Work task: Using the data below, output a verbatim copy of the lines between the one holding "Antalya’da Yılın Ahisi" and the one holding "Bright White Clearcoat", inclusive, without any pictures.

Data:
━━━

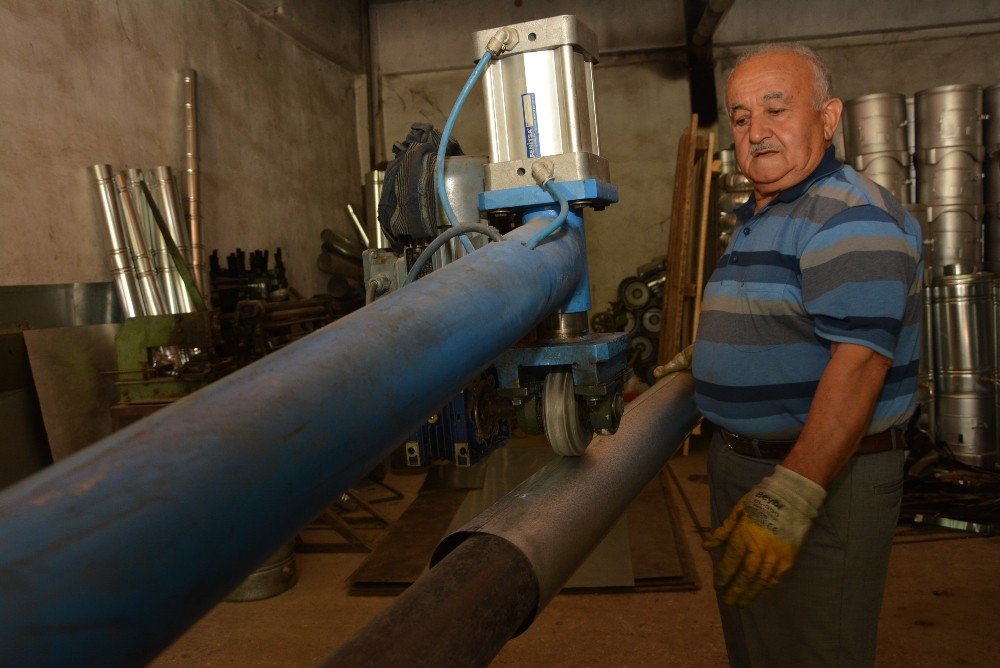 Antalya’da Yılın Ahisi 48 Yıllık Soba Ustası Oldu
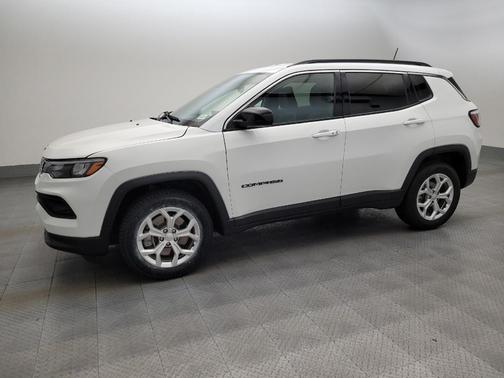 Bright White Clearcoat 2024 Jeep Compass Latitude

━━━

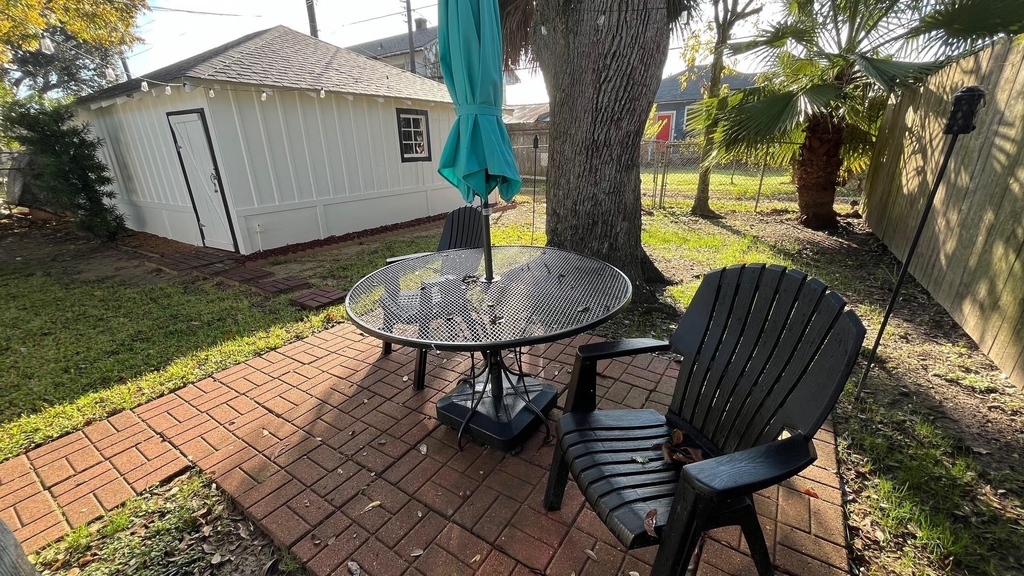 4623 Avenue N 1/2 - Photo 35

━━━

Exercise result:
 Antalya’da Yılın Ahisi 48 Yıllık Soba Ustası Oldu
 Bright White Clearcoat 2024 Jeep Compass Latitude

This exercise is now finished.